With all that in mind, let’s take a look at this!

Green Day has just realised a lyric video to their new song ‘Troubled Times’. The clip was posted overnight in the US to coincide with Martin Luther King Day (and comes just a few days before Donald Trump’s presidential inauguration). Announcing it on Twitter, the band wrote “today we celebrate Love and Compassion more than ever”.

It’s every bit as political as that sounds.

This is obviously not a new move for the band. Green Day are renowned for their political protest songs, most notably through 2004’s American Idiot. The album was a response to both the presidency of George Bush and the Iraq war, among other political and cultural gripes.
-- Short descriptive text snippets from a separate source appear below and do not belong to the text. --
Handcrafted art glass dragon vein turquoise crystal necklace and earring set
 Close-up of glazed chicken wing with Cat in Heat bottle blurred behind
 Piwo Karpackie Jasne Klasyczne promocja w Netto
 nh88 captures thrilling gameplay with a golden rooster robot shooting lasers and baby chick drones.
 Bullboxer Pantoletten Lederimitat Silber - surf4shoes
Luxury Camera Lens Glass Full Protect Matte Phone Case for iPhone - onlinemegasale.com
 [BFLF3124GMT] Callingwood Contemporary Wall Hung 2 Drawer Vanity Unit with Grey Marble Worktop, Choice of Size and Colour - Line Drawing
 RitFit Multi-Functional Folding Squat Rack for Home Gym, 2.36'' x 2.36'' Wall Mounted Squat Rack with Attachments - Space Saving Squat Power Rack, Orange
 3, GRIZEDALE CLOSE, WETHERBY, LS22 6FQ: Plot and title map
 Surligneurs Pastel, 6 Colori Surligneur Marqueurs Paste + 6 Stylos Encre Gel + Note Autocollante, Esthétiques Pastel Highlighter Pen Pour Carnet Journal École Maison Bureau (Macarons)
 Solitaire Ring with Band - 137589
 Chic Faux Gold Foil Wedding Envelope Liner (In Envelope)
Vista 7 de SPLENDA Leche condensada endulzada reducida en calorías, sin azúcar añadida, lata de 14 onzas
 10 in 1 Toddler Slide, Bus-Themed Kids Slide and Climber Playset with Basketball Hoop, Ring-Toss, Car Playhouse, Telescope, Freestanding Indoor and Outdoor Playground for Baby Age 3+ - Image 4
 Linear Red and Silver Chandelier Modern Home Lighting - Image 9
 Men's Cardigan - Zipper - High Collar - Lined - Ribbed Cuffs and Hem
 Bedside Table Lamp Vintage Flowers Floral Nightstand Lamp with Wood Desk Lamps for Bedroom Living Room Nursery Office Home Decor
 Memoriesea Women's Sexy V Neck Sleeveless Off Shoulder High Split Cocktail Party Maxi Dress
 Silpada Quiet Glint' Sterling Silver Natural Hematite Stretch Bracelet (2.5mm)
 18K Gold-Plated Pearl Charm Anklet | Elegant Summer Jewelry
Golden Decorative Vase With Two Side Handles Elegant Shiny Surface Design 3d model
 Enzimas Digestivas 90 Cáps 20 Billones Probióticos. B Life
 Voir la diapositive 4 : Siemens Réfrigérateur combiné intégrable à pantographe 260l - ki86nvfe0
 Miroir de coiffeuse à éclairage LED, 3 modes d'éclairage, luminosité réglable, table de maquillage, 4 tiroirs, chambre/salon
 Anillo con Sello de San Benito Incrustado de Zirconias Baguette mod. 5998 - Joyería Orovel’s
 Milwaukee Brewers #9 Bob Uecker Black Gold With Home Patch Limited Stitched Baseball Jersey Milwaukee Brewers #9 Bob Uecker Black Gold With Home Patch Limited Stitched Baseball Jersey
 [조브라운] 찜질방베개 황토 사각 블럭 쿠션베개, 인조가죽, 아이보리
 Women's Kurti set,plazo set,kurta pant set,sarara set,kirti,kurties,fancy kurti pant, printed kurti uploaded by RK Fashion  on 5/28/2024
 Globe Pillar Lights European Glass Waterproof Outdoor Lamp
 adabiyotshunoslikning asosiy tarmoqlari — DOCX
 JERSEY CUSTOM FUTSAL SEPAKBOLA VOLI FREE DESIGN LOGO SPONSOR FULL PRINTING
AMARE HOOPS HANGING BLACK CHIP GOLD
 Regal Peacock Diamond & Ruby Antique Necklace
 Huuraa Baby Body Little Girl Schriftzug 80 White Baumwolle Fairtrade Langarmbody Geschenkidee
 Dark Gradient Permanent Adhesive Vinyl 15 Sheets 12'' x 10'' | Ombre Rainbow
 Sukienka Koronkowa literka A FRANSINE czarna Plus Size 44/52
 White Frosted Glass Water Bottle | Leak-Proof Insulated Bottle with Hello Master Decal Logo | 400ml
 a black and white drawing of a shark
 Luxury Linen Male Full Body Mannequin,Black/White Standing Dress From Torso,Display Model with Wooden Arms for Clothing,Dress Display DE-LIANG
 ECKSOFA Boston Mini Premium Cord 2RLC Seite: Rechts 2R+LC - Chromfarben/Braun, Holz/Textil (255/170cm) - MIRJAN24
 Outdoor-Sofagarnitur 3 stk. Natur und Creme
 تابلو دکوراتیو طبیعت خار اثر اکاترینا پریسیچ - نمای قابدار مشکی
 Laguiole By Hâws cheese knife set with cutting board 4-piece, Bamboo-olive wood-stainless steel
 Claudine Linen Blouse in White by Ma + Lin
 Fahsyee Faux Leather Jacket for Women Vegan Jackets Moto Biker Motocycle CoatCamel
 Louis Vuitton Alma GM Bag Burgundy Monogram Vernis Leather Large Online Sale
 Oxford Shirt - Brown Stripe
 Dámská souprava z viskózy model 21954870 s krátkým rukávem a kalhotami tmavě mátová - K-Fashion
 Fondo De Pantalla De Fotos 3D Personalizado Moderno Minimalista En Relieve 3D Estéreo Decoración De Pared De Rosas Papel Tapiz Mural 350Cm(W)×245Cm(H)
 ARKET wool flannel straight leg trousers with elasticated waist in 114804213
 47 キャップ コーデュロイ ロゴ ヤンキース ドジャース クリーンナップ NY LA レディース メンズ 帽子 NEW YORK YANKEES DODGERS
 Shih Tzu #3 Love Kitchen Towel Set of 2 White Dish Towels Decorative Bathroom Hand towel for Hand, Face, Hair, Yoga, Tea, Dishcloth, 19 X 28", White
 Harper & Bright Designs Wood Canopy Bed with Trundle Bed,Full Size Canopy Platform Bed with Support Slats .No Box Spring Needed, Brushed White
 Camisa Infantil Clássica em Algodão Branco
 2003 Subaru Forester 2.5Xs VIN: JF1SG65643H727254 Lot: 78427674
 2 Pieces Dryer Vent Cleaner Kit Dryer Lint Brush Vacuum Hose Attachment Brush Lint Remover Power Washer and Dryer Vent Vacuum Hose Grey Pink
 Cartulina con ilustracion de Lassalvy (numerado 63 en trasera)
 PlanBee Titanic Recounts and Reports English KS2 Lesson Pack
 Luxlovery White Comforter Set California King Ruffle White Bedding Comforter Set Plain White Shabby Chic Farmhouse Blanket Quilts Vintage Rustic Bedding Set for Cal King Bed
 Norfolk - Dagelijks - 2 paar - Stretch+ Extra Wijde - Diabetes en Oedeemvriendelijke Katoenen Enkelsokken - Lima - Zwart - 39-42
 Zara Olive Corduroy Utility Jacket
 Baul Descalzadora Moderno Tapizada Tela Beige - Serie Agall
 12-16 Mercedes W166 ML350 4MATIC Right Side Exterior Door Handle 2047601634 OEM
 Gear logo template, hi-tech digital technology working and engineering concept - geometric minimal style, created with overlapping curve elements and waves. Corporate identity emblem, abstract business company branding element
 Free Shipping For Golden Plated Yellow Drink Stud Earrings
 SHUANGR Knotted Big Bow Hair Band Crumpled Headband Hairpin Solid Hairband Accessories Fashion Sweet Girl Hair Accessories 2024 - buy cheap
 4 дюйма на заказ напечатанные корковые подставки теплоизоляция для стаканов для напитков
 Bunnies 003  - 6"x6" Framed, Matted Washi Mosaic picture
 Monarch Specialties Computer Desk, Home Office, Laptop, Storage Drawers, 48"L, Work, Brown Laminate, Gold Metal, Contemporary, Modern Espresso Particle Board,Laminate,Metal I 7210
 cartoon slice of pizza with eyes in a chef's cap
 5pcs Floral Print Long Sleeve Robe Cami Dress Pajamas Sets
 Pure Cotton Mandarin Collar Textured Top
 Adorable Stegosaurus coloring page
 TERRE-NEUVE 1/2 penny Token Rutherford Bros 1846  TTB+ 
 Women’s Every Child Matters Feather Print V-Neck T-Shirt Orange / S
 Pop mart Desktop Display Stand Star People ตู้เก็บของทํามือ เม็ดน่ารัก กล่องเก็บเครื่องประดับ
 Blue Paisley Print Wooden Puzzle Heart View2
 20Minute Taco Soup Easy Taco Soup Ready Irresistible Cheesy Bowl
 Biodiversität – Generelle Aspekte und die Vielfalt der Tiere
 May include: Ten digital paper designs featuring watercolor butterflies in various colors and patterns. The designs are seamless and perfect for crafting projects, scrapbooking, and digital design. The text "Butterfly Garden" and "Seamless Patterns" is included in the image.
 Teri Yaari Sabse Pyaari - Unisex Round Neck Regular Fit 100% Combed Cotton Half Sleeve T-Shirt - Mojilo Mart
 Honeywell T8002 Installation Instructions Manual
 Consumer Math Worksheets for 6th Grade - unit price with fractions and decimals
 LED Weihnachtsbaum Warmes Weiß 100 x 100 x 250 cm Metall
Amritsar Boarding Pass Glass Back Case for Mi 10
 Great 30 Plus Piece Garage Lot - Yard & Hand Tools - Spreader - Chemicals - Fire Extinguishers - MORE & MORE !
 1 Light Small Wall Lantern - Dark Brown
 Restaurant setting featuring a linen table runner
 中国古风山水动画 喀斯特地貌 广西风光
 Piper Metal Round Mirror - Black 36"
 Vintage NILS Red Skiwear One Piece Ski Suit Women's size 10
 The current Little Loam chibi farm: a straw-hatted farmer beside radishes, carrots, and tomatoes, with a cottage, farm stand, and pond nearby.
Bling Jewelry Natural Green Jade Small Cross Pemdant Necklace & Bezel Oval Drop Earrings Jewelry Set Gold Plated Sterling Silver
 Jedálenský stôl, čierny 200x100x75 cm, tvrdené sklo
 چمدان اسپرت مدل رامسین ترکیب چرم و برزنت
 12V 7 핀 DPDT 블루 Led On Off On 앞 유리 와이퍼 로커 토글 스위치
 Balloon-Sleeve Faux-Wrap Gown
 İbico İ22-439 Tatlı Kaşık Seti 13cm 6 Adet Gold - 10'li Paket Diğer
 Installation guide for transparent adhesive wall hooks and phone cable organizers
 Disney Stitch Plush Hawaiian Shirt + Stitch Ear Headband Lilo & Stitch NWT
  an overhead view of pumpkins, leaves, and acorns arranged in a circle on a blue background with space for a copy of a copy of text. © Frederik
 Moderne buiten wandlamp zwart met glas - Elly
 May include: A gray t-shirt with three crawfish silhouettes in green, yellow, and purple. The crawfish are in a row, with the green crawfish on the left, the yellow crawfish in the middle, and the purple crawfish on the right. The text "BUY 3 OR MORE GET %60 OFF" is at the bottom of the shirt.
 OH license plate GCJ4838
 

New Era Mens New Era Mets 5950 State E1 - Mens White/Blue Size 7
It went on to become a Broadway production, inspire a forthcoming HBO movie, and arguably contribute to a whole new wave of teens getting interested in US politics (my dorky 13-year-old self included).

Green Day has also made their opposition to the current president-elect clear throughout the last year. At the American Music Awards, the band chanted “No Trump, no KKK, no fascist USA!” on stage during their dong ‘Bang Bang’ and they subbed in some similar Trump lyrics into ‘American Idiot’ while performing at the MTV Europe Music Awards.

This is a good thing! The band are using their privilege and position (remember they’re still three rich, older, white dudes) to fuel opposition to politics they disagree with. Maybe a whole new group of 13-year-olds will take inspiration from it.

But does that make it good music? I dunno. Critics still consistently pick Dookie over American Idiot and that’s an album so straight-forward it’s named after poop.